The village head or the Mukhia felt it prudent to call for an “Aam Sabha” or a general meeting. The loudspeaker at the Hanuman Temple was used to announce to the people the date and the time the next day.
The meeting, however, threatened to end in a fiasco. An unexpectedly large crowd had assembled and it was proving to be difficult to ensure physical distancing. Tempers were frayed and relatives of those who were quarantined and the rest of the villagers exchanged first words and it seemed they would soon come to blows.
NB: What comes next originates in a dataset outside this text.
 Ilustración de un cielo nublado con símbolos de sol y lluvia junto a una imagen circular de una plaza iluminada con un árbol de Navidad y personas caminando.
The meeting was soon called off and people requested to leave. It was when people were dispersing that police from Ladania PS arrived in the village. They had four petty shopkeepers of the locality in custody for the crime of having opened their shop despite the lockdown.
The shopkeepers in custody, seeing fellow villagers, shouted for help. Several people reached out and pleaded on their behalf. The SHO ignored the pleas. But when one of the villagers, who had returned from Delhi leaving a cushy job behind, stepped up to point out that those shopkeepers were not the only ones to have opened their establishment, the shocked SHO reacted angrily and asked the young man, “Tu Neta Banega?” (So, you are trying to become a leader?”
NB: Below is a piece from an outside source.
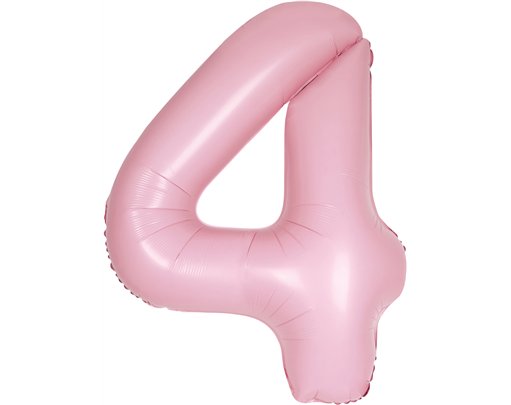 34in MATTE LOVELY PINK NUMBER 4 FOIL BALLOON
Villagers present on the spot recalled that ‘Prashant Bhaiyya’ pleaded with the police saying that the arrested shopkeepers were very poor and wouldn’t have opened their outlets if they had a choice. And they were not alone. There were 20 other shops which were open at that very moment. “So, either arrest all of them or let these people off”.
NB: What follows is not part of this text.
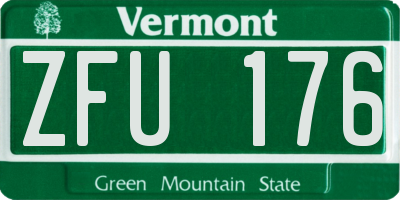 VT license plate ZFU176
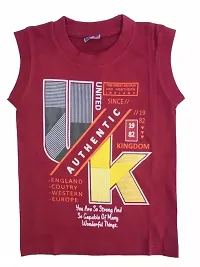 Boys printed Summer Cotton Sleeveless cut  Tshirt -Mix Prints-5pc(Multicolor, 12 Months to 6year)-thumb2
“I’m making the request because if you book these people, they will be forced to borrow money from money-lenders,” said Prashant with folded hands.
The SHO shook with rage and again asked contemptuously if the young man thought himself to be a ‘big’ leader. “If asking questions amounts to Netagiri and if this is the only response you have, I will record your replies to my questions.”
The SHO then stepped out of the police vehicle and slapped the young man hard. Other policemen rained blows on him with their ‘lathi’. The villagers intervened and asked the policemen to behave. Outnumbered and sensing the mood of the people, the policemen quickly drove away,
only to return with reinforcement.
The young man who had questioned police action was taken into custody and an FIR was lodged against him and 100 other unnamed persons for rioting, inflicting grievous injuries to the policemen and attacking public servants on duty.
The FIR curiously also invoked section 56 of the Disaster Management Act, which states: “Any officer upon whom the duty has been imposed by this Act refuses to perform his duty without the permission of his official superior or has other lawful excuse be liable for punishment which may extend to one year or with the fine,” applicable for public servants found wanting. Charges from Acts ‘in force only in the state of J & K’ before August 5 last year were also added.
While the young man, who came from a well-off family, managed to secure bail, the police raided the village at night after several days and arrested half a dozen more people in the same case.
Ironically, the four shopkeepers whose ‘arrest’ had led to the standoff remain at large.